Find the word "Closure" in the listing below. Copy every line that has it.
===== SUPPLIED RECORDS =====
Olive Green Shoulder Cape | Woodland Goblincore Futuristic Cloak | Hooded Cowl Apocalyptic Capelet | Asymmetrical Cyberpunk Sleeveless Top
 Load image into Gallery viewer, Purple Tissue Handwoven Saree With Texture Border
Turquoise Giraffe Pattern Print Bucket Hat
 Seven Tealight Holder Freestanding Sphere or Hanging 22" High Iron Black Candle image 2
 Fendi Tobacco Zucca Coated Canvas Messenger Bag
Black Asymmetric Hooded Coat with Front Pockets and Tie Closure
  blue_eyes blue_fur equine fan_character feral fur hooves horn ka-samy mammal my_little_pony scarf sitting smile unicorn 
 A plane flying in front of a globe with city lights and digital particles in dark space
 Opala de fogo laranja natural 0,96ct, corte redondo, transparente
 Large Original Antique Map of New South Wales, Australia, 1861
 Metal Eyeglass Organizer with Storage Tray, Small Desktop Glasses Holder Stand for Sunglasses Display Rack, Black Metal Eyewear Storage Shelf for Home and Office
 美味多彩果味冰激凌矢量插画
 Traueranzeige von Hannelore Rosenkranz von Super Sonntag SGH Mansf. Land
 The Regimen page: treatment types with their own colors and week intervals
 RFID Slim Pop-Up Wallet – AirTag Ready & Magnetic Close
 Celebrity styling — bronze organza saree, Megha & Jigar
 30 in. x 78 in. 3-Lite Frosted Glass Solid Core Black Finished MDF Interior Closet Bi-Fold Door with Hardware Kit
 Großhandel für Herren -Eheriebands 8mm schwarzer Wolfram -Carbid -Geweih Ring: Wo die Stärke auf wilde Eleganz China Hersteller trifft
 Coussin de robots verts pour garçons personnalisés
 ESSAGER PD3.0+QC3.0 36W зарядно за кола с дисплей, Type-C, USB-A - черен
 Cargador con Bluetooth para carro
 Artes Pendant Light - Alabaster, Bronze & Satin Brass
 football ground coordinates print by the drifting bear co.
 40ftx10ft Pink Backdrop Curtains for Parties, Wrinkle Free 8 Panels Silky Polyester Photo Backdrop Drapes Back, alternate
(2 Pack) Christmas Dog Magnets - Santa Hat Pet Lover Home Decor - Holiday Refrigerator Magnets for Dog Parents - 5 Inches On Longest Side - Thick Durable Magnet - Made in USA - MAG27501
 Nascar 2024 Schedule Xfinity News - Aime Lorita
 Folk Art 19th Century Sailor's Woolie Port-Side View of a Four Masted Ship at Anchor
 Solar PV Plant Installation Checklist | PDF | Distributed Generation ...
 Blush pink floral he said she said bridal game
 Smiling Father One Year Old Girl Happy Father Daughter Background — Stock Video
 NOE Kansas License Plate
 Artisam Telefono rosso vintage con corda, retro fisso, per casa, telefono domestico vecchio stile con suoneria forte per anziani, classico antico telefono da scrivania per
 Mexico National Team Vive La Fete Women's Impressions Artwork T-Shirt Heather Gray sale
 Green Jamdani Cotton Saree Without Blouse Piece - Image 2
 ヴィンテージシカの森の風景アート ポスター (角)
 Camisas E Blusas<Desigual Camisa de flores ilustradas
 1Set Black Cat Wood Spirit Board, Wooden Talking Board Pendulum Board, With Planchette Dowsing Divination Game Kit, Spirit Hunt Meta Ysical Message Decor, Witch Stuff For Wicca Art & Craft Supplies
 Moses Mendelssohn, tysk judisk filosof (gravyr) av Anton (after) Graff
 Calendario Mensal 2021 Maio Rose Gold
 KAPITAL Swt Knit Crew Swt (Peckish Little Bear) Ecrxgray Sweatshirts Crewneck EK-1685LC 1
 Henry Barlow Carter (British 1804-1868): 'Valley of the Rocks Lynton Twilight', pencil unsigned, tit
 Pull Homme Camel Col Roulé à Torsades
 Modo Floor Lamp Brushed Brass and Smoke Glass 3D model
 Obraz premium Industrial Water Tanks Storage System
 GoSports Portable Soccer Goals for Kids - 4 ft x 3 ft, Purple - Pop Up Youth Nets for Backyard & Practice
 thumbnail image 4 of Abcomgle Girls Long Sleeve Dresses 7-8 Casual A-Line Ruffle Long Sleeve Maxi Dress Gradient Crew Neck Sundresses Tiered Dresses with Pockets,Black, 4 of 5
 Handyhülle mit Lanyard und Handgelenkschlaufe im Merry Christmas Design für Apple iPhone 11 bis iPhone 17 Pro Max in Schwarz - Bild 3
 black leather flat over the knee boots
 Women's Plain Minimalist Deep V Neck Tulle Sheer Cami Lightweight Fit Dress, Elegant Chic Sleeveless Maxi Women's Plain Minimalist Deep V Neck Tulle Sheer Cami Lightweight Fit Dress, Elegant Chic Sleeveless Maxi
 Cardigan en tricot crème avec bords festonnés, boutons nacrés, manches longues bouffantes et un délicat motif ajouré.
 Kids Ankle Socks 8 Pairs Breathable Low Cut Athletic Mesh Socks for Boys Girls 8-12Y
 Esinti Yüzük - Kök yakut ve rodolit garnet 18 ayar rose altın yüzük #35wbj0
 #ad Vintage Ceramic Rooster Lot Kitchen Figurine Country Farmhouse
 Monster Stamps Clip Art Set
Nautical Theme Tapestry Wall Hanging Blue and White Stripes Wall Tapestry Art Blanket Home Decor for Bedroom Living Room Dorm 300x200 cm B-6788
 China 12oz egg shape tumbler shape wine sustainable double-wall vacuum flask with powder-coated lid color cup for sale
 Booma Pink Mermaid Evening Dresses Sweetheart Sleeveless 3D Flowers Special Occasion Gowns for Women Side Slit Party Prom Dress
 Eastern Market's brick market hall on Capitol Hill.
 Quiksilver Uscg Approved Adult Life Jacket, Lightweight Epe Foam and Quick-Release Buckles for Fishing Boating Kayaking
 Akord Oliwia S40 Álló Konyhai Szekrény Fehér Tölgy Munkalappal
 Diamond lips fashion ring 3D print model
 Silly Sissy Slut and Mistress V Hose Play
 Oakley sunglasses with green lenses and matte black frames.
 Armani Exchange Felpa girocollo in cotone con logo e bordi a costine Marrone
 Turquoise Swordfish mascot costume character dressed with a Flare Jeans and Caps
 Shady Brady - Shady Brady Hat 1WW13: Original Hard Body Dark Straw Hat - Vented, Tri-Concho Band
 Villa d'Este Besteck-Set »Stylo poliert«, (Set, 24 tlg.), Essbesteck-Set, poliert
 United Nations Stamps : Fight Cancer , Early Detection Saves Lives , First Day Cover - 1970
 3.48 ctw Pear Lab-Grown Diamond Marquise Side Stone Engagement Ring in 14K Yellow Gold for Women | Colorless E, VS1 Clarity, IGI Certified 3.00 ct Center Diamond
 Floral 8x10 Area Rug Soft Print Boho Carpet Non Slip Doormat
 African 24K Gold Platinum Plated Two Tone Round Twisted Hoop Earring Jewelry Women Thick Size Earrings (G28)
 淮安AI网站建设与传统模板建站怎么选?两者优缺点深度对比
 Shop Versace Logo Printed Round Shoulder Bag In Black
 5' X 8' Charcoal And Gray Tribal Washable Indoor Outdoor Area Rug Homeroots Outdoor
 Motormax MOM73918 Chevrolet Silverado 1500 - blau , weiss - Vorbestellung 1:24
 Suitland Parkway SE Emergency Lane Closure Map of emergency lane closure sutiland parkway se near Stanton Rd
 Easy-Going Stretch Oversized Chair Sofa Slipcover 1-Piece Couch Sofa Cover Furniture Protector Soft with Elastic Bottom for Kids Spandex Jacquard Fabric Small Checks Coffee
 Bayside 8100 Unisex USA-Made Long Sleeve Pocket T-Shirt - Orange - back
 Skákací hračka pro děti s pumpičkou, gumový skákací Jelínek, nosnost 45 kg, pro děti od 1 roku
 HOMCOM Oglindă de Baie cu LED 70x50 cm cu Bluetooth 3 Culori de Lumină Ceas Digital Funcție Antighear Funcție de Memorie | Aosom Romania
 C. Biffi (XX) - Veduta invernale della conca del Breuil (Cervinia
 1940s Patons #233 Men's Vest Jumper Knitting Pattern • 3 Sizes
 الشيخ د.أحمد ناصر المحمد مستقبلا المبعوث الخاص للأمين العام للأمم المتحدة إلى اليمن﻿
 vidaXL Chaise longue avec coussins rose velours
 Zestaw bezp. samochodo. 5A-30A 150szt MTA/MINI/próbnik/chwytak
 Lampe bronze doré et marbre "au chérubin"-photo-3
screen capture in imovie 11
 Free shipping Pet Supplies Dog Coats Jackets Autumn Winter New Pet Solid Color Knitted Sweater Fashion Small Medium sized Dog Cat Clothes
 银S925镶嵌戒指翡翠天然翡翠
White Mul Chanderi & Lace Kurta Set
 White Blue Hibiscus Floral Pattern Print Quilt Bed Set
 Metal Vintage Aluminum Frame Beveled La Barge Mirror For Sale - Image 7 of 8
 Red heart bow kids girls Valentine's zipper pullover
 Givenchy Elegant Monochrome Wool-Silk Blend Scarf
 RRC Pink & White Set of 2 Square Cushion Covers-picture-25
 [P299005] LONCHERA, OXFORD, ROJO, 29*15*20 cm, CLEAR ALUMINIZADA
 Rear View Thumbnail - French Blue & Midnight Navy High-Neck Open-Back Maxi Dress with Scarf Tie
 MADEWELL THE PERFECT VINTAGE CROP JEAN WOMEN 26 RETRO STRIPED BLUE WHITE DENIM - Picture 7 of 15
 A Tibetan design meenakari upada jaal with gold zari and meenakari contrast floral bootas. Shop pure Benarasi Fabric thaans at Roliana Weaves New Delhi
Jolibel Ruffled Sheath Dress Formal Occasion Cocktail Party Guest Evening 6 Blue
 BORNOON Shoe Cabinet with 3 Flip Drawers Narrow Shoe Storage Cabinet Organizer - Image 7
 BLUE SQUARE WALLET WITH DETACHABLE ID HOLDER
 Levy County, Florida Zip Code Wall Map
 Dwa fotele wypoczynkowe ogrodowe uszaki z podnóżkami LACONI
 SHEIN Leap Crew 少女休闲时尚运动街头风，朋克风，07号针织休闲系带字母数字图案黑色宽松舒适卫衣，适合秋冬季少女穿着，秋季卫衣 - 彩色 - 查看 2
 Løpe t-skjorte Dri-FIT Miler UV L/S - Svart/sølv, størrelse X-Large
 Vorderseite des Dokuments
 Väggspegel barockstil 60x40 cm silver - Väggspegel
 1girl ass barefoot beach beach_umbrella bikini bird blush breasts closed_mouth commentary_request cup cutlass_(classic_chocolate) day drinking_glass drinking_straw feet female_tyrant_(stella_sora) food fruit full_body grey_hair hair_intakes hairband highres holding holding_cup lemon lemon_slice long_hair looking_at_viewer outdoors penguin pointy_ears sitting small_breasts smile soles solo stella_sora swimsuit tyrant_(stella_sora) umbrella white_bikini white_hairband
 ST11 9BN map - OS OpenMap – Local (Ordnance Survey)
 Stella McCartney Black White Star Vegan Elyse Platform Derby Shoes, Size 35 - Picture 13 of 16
=====
RESPONSE »
Black Asymmetric Hooded Coat with Front Pockets and Tie Closure
 Suitland Parkway SE Emergency Lane Closure Map of emergency lane closure sutiland parkway se near Stanton Rd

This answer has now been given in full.